Present dimensions of the program permit a maximum number of 512 spectral data points and a maximum of 49 adjustable parameters (16 peaks and background). These limits may be changed by redimensioning, and altering several preliminary check statements.

Unusual features:
The program is intended to give general fitting capabilities for resonance spectroscopy of various kinds, particularly Mossbauer, nuclear gamma ray, and nuclear magnetic resonance spectroscopy. Therefore, several unorthodox features have been implemented. 1. The program accepts spectral data of the general form (xi,yi,wi) where xi may be unequally spaced, and w is the weight of the data point; wi = (delta yi)**-2, for example. For multichannel counting spectra, input of x and w may be suppressed.
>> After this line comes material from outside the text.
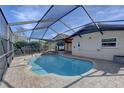 Inviting kidney-shaped pool with a screened enclosure at 12698 116Th St, Largo, FL 33778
A desired number of points contributing most to chi squared may be dropped (w->0) after the first fitting cycle. 2. Linear constraints between pairs of parameters to the optimized may be implemented, and released after a selected number of fitting cycles. 3. The spectral preprocessor may be instructed to integrate the (derivative) spectrum prior to the fit, e.g., for wide-line NMR use. Suitable background adjustment may be selected from several options. For Mossbauer effect use, the data may be corrected for parabolic baseline curvature.

Running time:
On the IBM 370/155 at The University of Akron, the program compiles in about 20 CPU s. A fit of less than ten parameters to a 60-point spectrum, with plotting, takes about 6 s. A fit of 13 lorentzian lines (40 parameters) with 17 constraints, to 256 points, testing the optimal fit by refitting after each of three random parameter displacements, and plotting output on the line printer and the Calcomp plotter, took 80 s CPU time.